What is expected » With the images excluded, set down every line of the listing below exactly.

**** Dataset extract

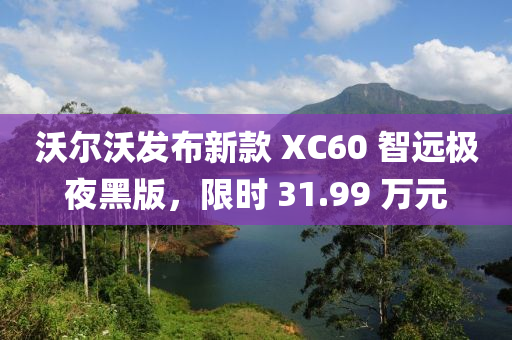 沃尔沃发布新款 XC60 智远极夜黑版，限时 31.99 万元
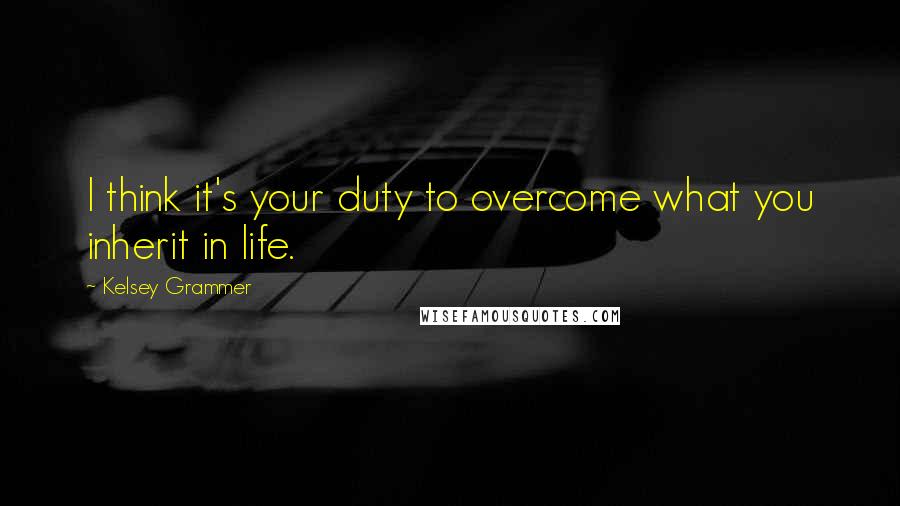 Kelsey Grammer Quotes: I think it's your duty to overcome what you inherit in life.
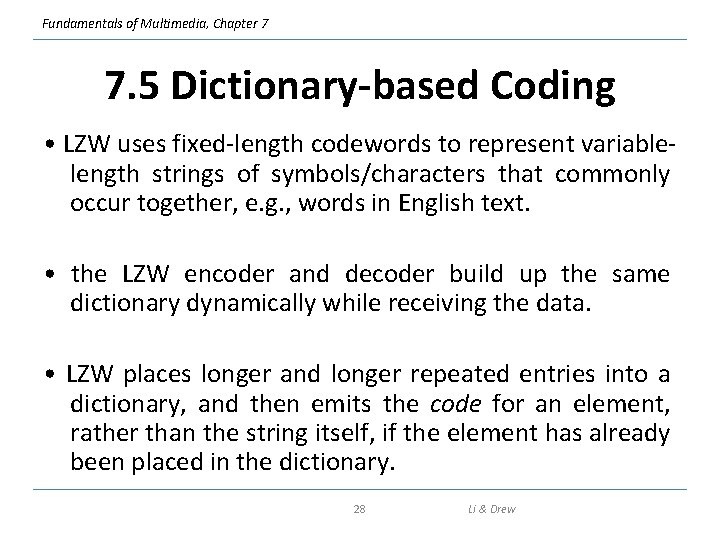 Fundamentals of Multimedia, Chapter 7 7. 5 Dictionary-based Coding • LZW uses fixed-length codewords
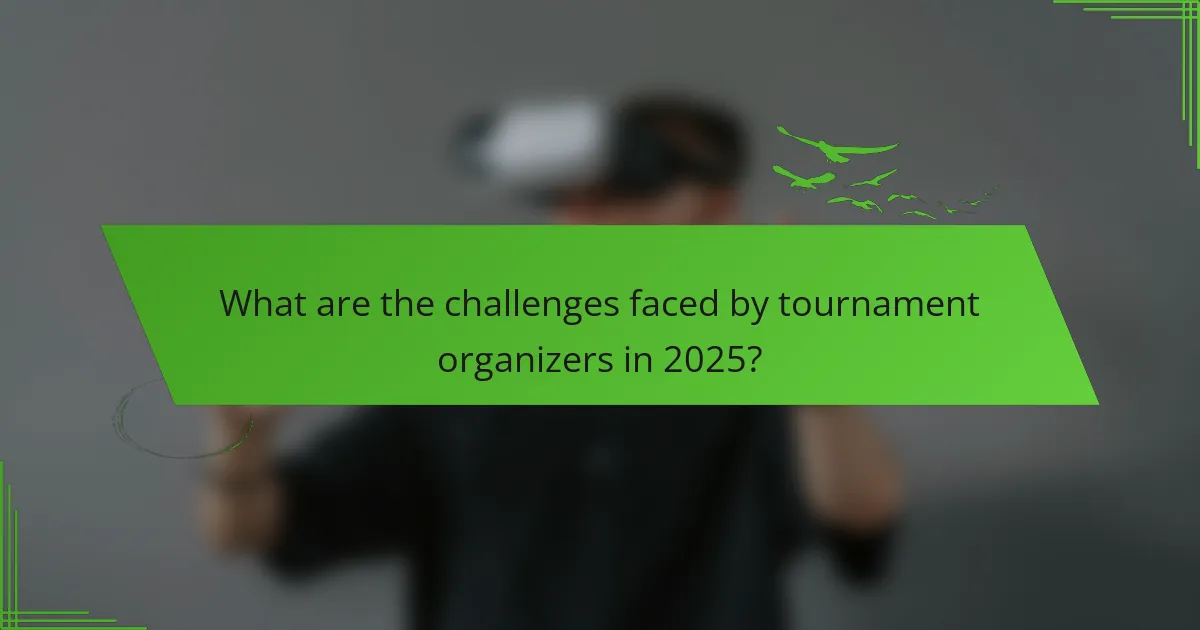 What are the challenges faced by tournament organizers in 2025?
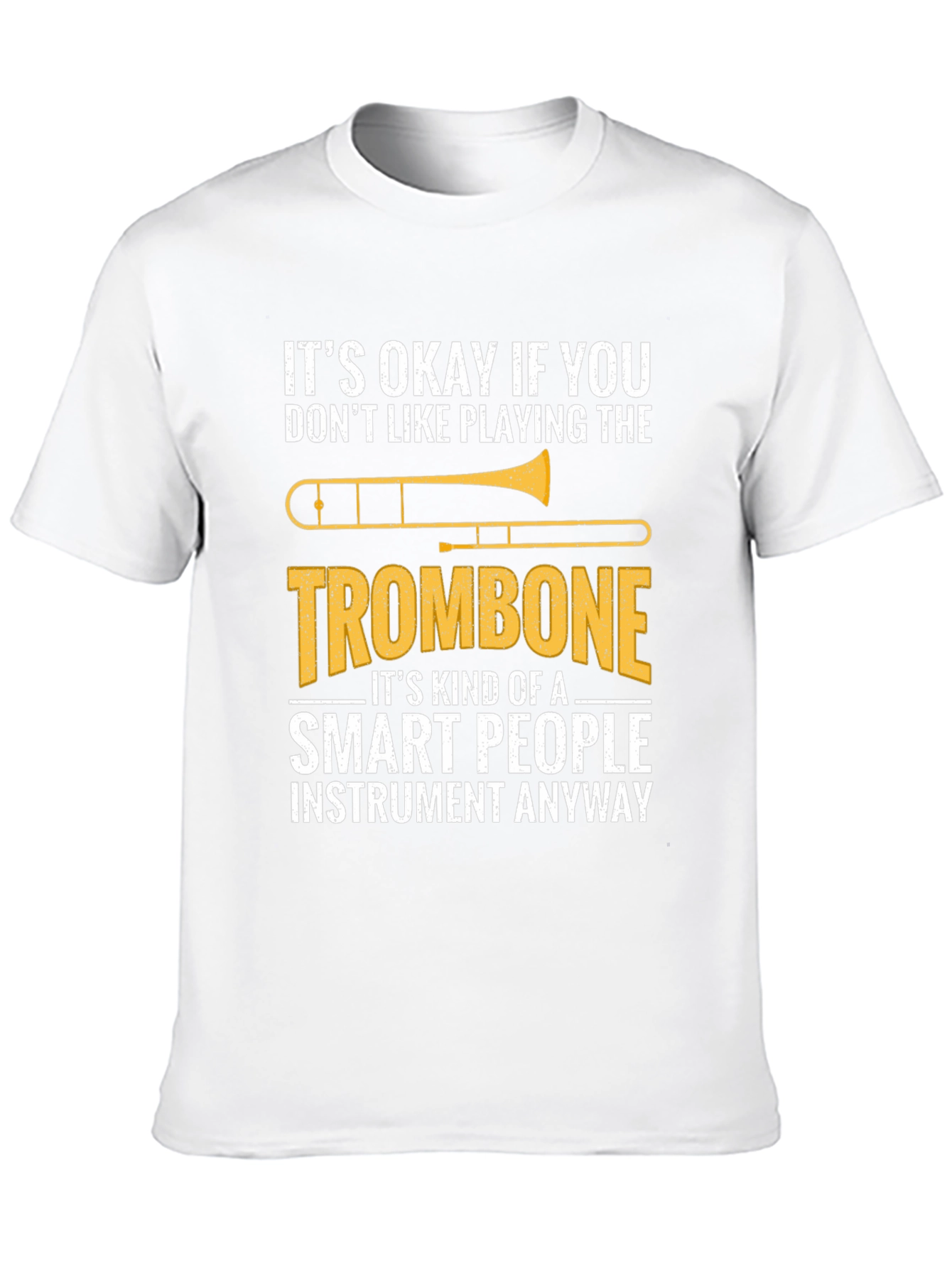 Smart People Trombone T-Shirt - Funny Musician Tee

********

Solution »
 沃尔沃发布新款 XC60 智远极夜黑版，限时 31.99 万元
 Kelsey Grammer Quotes: I think it's your duty to overcome what you inherit in life.
 Fundamentals of Multimedia, Chapter 7 7. 5 Dictionary-based Coding • LZW uses fixed-length codewords
 What are the challenges faced by tournament organizers in 2025?
 Smart People Trombone T-Shirt - Funny Musician Tee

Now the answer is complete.